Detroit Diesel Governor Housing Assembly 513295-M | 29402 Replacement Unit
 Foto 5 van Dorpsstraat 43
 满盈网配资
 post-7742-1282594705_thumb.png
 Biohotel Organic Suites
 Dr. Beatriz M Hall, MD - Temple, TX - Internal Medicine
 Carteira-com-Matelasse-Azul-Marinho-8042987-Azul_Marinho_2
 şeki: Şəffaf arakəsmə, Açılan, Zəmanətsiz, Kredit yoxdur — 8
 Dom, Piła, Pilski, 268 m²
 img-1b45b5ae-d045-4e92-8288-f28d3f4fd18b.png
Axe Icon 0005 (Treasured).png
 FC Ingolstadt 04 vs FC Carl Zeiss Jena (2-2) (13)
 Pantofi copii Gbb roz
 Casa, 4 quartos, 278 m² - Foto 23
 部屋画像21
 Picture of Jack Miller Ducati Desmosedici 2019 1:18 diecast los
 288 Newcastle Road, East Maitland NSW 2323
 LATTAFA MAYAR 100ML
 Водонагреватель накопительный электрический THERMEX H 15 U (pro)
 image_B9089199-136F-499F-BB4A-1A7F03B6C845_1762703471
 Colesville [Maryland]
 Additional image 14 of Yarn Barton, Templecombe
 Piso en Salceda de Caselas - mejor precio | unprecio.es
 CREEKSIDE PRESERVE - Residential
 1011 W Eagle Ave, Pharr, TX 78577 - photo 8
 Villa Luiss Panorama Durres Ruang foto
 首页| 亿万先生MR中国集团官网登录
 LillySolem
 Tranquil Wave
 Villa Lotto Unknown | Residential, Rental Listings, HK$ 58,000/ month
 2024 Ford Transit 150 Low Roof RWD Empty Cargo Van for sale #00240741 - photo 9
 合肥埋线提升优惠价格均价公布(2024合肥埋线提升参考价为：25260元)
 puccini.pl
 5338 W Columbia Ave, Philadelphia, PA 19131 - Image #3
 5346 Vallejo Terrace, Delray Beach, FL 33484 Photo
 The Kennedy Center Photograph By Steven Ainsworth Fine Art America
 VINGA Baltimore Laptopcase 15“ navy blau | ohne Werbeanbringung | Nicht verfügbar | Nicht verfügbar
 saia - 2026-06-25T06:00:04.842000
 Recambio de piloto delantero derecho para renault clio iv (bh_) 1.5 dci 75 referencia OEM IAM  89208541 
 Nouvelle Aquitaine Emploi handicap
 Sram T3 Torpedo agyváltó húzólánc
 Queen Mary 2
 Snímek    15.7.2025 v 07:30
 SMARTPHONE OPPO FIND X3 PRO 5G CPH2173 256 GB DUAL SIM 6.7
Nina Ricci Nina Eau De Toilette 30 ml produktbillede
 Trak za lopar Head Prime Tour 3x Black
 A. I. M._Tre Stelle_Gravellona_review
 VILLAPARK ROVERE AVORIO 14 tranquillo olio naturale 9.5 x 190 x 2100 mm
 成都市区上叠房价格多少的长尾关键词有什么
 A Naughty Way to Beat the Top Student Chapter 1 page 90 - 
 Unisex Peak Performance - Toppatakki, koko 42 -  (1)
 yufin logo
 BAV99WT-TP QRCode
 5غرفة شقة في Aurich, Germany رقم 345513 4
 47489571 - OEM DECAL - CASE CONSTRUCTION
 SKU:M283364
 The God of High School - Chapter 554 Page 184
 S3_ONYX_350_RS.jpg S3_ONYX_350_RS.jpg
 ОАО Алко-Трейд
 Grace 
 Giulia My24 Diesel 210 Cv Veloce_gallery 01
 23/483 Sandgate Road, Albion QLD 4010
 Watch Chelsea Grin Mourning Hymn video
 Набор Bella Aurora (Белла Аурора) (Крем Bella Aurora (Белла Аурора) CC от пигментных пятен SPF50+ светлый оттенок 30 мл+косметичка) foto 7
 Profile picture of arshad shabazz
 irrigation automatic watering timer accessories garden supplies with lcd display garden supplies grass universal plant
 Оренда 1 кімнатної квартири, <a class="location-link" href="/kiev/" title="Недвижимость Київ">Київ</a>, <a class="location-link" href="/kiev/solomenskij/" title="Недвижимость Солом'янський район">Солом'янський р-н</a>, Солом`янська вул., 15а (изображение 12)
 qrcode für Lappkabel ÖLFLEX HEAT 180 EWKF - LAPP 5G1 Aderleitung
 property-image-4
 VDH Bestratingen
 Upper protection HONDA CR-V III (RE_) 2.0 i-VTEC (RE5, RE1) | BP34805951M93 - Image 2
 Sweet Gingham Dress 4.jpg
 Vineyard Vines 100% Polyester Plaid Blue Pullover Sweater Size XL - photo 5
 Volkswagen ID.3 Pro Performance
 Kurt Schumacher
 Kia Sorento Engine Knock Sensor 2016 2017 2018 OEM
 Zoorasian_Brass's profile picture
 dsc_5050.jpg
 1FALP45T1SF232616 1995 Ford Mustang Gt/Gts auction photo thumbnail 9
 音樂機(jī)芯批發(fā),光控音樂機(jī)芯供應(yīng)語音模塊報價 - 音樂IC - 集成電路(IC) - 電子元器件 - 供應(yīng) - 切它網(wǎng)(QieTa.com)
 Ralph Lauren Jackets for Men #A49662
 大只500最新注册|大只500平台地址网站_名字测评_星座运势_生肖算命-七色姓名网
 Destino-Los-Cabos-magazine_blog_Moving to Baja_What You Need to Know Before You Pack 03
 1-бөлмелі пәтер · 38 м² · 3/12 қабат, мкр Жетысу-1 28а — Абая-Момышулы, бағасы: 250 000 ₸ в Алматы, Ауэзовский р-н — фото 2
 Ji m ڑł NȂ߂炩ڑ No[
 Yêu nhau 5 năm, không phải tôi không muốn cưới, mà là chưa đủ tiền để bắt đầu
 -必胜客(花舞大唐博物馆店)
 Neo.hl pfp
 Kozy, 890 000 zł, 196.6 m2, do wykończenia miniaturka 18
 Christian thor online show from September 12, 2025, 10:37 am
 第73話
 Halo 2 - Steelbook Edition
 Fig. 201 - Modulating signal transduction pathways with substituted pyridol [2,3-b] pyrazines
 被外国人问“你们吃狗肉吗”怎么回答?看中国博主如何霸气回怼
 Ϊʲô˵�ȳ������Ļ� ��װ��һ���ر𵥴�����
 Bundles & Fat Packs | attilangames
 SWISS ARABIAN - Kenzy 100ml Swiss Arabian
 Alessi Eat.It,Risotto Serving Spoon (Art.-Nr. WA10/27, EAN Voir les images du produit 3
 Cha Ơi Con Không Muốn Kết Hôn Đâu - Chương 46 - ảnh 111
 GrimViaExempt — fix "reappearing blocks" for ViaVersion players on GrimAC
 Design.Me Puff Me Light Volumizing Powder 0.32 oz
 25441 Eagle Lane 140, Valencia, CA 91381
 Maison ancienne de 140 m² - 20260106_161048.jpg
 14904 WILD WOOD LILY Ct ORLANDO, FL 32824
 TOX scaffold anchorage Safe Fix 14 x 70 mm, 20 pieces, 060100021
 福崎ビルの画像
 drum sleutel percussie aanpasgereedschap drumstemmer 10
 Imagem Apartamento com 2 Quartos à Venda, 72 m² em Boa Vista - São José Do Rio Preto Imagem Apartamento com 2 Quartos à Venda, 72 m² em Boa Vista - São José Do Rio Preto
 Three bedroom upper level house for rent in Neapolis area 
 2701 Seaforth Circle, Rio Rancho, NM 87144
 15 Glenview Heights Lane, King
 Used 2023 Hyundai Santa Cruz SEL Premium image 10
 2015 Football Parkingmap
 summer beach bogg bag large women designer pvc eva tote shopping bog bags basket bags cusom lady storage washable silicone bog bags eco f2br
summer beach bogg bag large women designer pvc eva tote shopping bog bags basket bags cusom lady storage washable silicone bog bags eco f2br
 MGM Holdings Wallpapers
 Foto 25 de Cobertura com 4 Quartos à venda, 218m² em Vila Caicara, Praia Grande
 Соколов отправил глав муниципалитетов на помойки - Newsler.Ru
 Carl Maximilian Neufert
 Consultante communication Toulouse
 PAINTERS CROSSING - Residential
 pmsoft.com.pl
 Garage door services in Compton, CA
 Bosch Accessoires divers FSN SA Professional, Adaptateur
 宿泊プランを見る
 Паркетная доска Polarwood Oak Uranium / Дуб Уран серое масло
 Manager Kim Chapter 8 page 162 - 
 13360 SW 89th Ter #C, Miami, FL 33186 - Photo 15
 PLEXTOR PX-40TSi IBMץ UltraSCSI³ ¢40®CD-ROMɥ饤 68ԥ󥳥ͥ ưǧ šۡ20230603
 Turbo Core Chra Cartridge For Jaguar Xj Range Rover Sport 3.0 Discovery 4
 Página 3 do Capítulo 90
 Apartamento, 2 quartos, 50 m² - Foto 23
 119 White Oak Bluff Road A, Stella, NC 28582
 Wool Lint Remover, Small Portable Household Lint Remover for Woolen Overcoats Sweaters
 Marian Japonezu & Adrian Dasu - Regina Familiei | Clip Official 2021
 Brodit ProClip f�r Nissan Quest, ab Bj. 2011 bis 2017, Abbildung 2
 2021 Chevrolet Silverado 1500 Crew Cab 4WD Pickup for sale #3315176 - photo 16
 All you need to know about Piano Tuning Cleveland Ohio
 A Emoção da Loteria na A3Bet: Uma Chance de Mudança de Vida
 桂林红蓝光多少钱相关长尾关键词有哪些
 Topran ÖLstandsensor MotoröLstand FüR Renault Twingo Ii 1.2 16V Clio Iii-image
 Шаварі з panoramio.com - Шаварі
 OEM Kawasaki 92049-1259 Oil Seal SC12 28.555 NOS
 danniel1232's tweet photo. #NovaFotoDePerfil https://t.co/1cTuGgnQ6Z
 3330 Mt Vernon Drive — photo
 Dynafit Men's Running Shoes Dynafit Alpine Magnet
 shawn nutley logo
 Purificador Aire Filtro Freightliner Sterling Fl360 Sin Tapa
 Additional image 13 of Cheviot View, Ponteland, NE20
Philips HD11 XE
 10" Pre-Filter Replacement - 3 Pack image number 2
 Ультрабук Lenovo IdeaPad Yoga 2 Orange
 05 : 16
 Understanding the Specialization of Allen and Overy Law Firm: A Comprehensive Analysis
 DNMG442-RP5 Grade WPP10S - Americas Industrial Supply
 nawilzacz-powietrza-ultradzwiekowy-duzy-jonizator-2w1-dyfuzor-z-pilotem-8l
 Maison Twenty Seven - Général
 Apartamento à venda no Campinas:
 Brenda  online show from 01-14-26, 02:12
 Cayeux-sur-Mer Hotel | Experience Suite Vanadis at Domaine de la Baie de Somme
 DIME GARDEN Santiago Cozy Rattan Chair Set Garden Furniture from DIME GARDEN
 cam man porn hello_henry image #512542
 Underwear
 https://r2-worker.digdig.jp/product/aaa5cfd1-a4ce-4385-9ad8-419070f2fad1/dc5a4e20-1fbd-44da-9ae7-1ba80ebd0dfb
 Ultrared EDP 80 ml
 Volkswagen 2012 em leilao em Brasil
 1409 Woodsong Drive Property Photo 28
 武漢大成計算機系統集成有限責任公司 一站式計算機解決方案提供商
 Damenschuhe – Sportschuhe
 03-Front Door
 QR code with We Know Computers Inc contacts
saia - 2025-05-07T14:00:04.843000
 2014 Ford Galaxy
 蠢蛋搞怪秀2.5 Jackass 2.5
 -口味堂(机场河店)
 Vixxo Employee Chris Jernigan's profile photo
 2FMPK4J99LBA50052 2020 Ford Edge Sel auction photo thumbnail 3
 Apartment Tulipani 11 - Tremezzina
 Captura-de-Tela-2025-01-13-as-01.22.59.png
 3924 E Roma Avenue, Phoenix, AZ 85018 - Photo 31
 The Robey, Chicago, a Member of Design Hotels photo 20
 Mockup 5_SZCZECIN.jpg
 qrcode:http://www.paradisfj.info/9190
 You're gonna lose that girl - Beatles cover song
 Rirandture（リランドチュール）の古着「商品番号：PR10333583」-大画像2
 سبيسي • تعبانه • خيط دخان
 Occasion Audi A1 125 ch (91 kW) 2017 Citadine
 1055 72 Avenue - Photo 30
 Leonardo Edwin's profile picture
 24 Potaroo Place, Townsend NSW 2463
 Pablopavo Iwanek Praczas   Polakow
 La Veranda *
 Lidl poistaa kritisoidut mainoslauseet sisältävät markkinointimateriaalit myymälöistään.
■ ■ ■ ■ ■ ■ ■
• **THE TASK**: Output the lines above exactly, but only those between the line holding "Carl Maximilian Neufert" and the line holding "1409 Woodsong Drive Property Photo 28", inclusive.

• **FINAL ANSWER**:
 Carl Maximilian Neufert
 Consultante communication Toulouse
 PAINTERS CROSSING - Residential
 pmsoft.com.pl
 Garage door services in Compton, CA
 Bosch Accessoires divers FSN SA Professional, Adaptateur
 宿泊プランを見る
 Паркетная доска Polarwood Oak Uranium / Дуб Уран серое масло
 Manager Kim Chapter 8 page 162 - 
 13360 SW 89th Ter #C, Miami, FL 33186 - Photo 15
 PLEXTOR PX-40TSi IBMץ UltraSCSI³ ¢40®CD-ROMɥ饤 68ԥ󥳥ͥ ưǧ šۡ20230603
 Turbo Core Chra Cartridge For Jaguar Xj Range Rover Sport 3.0 Discovery 4
 Página 3 do Capítulo 90
 Apartamento, 2 quartos, 50 m² - Foto 23
 119 White Oak Bluff Road A, Stella, NC 28582
 Wool Lint Remover, Small Portable Household Lint Remover for Woolen Overcoats Sweaters
 Marian Japonezu & Adrian Dasu - Regina Familiei | Clip Official 2021
 Brodit ProClip f�r Nissan Quest, ab Bj. 2011 bis 2017, Abbildung 2
 2021 Chevrolet Silverado 1500 Crew Cab 4WD Pickup for sale #3315176 - photo 16
 All you need to know about Piano Tuning Cleveland Ohio
 A Emoção da Loteria na A3Bet: Uma Chance de Mudança de Vida
 桂林红蓝光多少钱相关长尾关键词有哪些
 Topran ÖLstandsensor MotoröLstand FüR Renault Twingo Ii 1.2 16V Clio Iii-image
 Шаварі з panoramio.com - Шаварі
 OEM Kawasaki 92049-1259 Oil Seal SC12 28.555 NOS
 danniel1232's tweet photo. #NovaFotoDePerfil https://t.co/1cTuGgnQ6Z
 3330 Mt Vernon Drive — photo
 Dynafit Men's Running Shoes Dynafit Alpine Magnet
 shawn nutley logo
 Purificador Aire Filtro Freightliner Sterling Fl360 Sin Tapa
 Additional image 13 of Cheviot View, Ponteland, NE20
Philips HD11 XE
 10" Pre-Filter Replacement - 3 Pack image number 2
 Ультрабук Lenovo IdeaPad Yoga 2 Orange
 05 : 16
 Understanding the Specialization of Allen and Overy Law Firm: A Comprehensive Analysis
 DNMG442-RP5 Grade WPP10S - Americas Industrial Supply
 nawilzacz-powietrza-ultradzwiekowy-duzy-jonizator-2w1-dyfuzor-z-pilotem-8l
 Maison Twenty Seven - Général
 Apartamento à venda no Campinas:
 Brenda  online show from 01-14-26, 02:12
 Cayeux-sur-Mer Hotel | Experience Suite Vanadis at Domaine de la Baie de Somme
 DIME GARDEN Santiago Cozy Rattan Chair Set Garden Furniture from DIME GARDEN
 cam man porn hello_henry image #512542
 Underwear
 https://r2-worker.digdig.jp/product/aaa5cfd1-a4ce-4385-9ad8-419070f2fad1/dc5a4e20-1fbd-44da-9ae7-1ba80ebd0dfb
 Ultrared EDP 80 ml
 Volkswagen 2012 em leilao em Brasil
 1409 Woodsong Drive Property Photo 28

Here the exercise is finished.